Wer Röll zuhört, der merkt: Soziale Netzwerke sind viel mehr als der Klick auf den "Gefällt mir"-Daumen. Sie haben eine Wirkung, über die sich die meisten Nutzer überhaupt nicht bewusst sind. Sowohl positiv als auch negativ, Röll nimmt keine wertende Haltung ein. Dennoch schwingt eine leichte Sorge mit, wenn er Sätze sagt wie: "Es gibt eine enorme Beschleunigung in der Gesellschaft." So spricht er sozialen Netzwerken gar die Macht zu, eine Gesellschaft zu spalten - in Alt und Jung. In die Jugend, die sich adaptiv in der digitalen Welt bewegt, und die ältere Generation, die Probleme hat, sie zu verstehen, aufzunehmen und zu verarbeiten. Ein Generationskonflikt, der bei älteren Menschen sogar zu Angstgefühlen führen könne. "Wenn ich spüre, ich komme nicht mehr mit, dann habe ich das Gefühl, dass die Dinge, die ich mache, entwertet werden. Um das auszugleichen, versuchen manche, das, was die Jugend macht, schlechtzureden", sagt Röll.

Doch wie entstehen durch soziale Medien Probleme bei der Identitätsbildung? "Früher wusste der Einzelne, was er zu tun hat. Meist wurde ein bestimmter Weg vorgegeben. Heute kann der Jugendliche an der Konstruktion seiner eigenen Identität mitbasteln", sagt Röll. Auf diesem Weg, der gespickt ist von unzähligen Optionen, bestehe jedoch die Möglichkeit, sich zu verirren. "Im Netz bekommt man Antworten auf Fragen, die man nicht gestellt hat", fasst Röll zusammen. Gerade bei Menschen, die keine bis wenige soziale Kontakte in der realen Welt haben, bestehe die Gefahr, "sich in diesem Netz zu verlieren".

Doch der Darmstädter hebt nicht nur die Nachteile der sozialen Digitalisierung hervor. Positiv sei zum einen die Möglichkeit, über seine bisherigen Schranken hinaus Leute kennenlernen - dass man in der Lage ist, eine Gruppierung zu finden, in der man Anerkennung und Bestätigung erhält.
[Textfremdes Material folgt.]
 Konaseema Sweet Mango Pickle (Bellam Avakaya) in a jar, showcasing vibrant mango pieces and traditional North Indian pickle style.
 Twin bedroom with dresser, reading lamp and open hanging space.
Röll spricht in dem Zusammenhang sogar von einer Art Beheimatung. "Heute ist Beheimatung ein Raum, in dem ich mich wohlfühle. Das muss kein realer Ort mehr sein."
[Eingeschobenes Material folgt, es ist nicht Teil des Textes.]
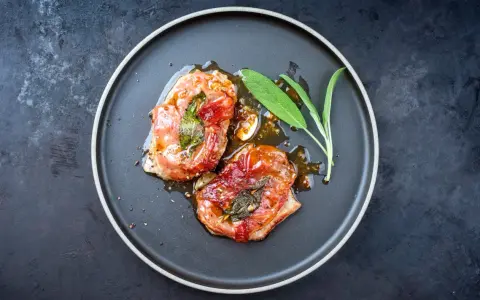 Zwei in Prosciutto eingewickelte Fleischstücke mit Salbei, glasiert und auf einem Teller serviert. Ein köstliches Beispiel für italienische Gerichte.
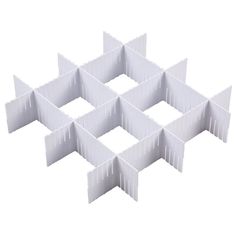 six pieces of white plastic are arranged in the shape of squares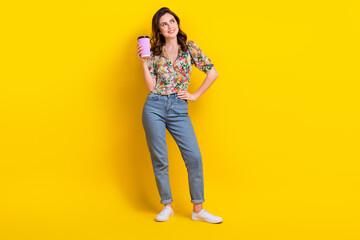 Full body photo of young thinking girl hold plastic cup coffee cappuccino look dream empty space energy isolated on yellow color background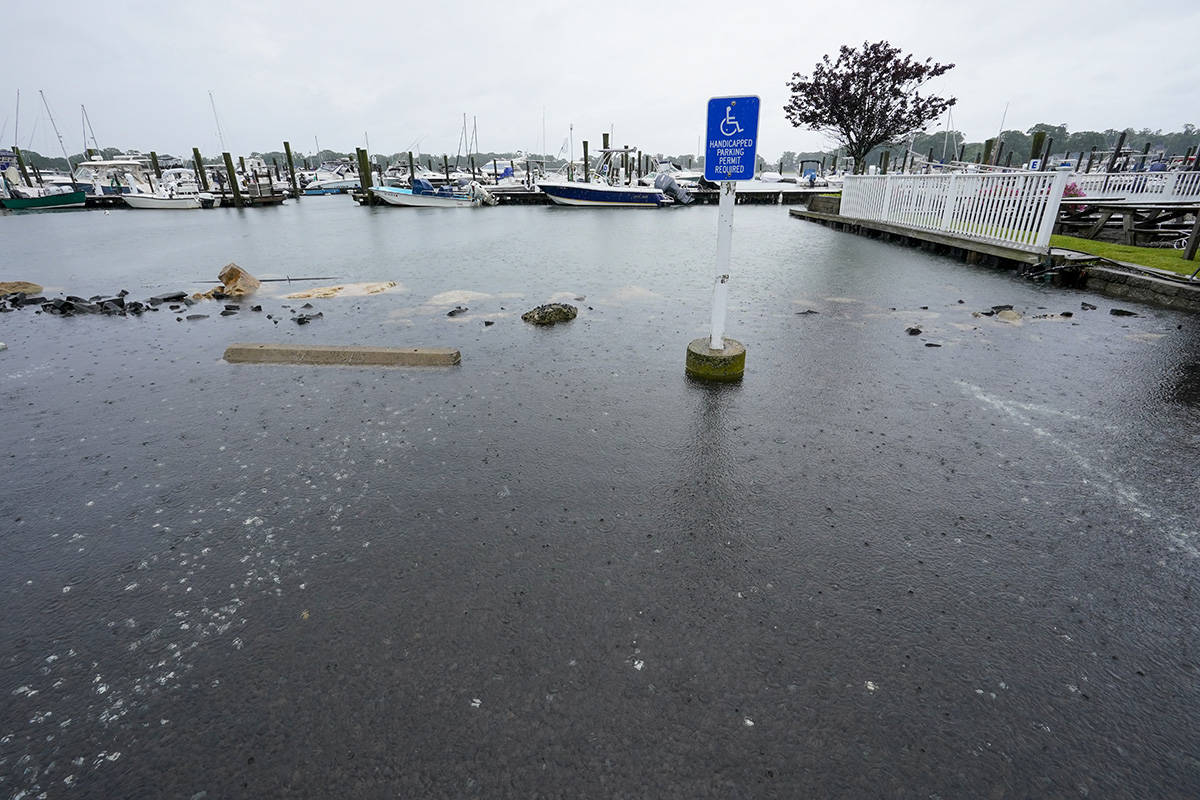 The parking lot of a marina is flooded during high tide, Sunday, Aug. 22, 2021, in Branford, Co ...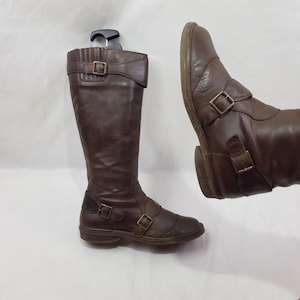 Puede incluir: Un par de botas de cuero marrón de caña alta con hebillas. Las botas tienen punta estrecha y tacón bajo.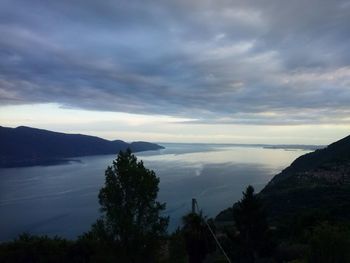 High angle view of calm sea against cloudy sky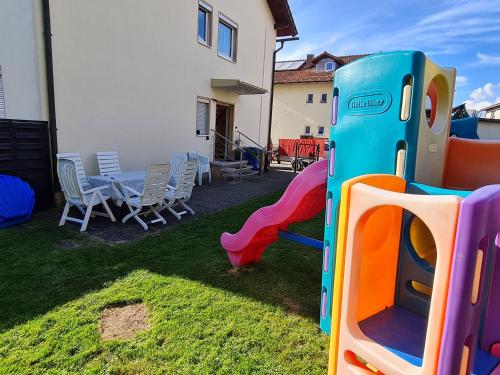 a backyard with a playground with a table and chairs at Ferienhaus Falkenstein mit wunderschönem Bergblick in Frauenau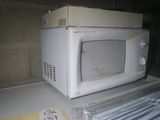 a white microwave sitting on top of a counter next to a stack of books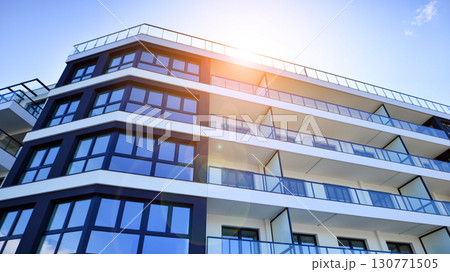 Modern apartment buildings on a sunny day with a blue sky. Facade of a modern apartment building. Modern residential apartment building complex condo. Modern apartment buildings on a sunny day with a blue sky. Facade of a modern apartment building. Modern residential apartment building complex condo. 130771505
Der Soziologe ist Vater einer 21 Jahre alten Tochter, die selbst von den Vorteilen profitieren und den Gefahren betroffen sein könnte. Ein Social-Media-Verbot kam für den 67-Jährigen aber nie in Frage. "Ich habe einfach Interesse an ihren Aktivitäten gezeigt. Seitdem weiß ich, was sie da tut. Man sollte damit offen umgehen", sagt Röll.